## [WHAT THE TASK REQUIRES]
The material below is to be copied exactly from the line with "Outlook Ridge Residences" up to and including the line with "The Pussy Insurer: Lassicuratore", with nothing else kept and no pictures.

## [DATA FOR REVIEW]
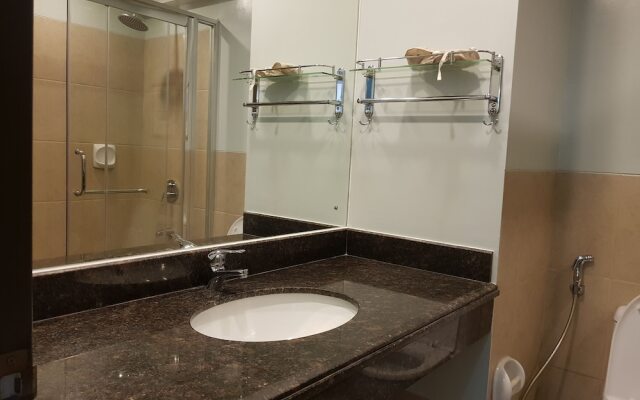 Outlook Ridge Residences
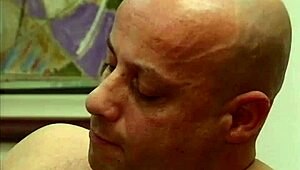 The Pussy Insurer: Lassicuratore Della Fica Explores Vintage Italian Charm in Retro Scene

--

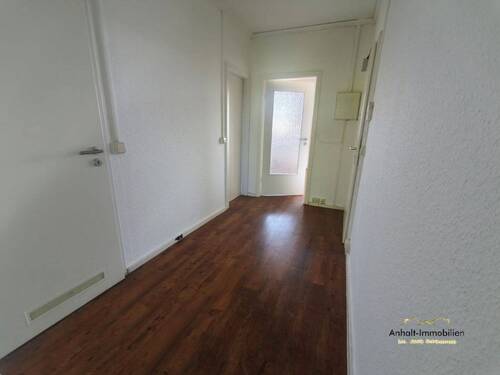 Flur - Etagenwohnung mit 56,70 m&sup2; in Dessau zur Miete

## [SOLUTION TO THE PROBLEM]
 Outlook Ridge Residences
 The Pussy Insurer: Lassicuratore Della Fica Explores Vintage Italian Charm in Retro Scene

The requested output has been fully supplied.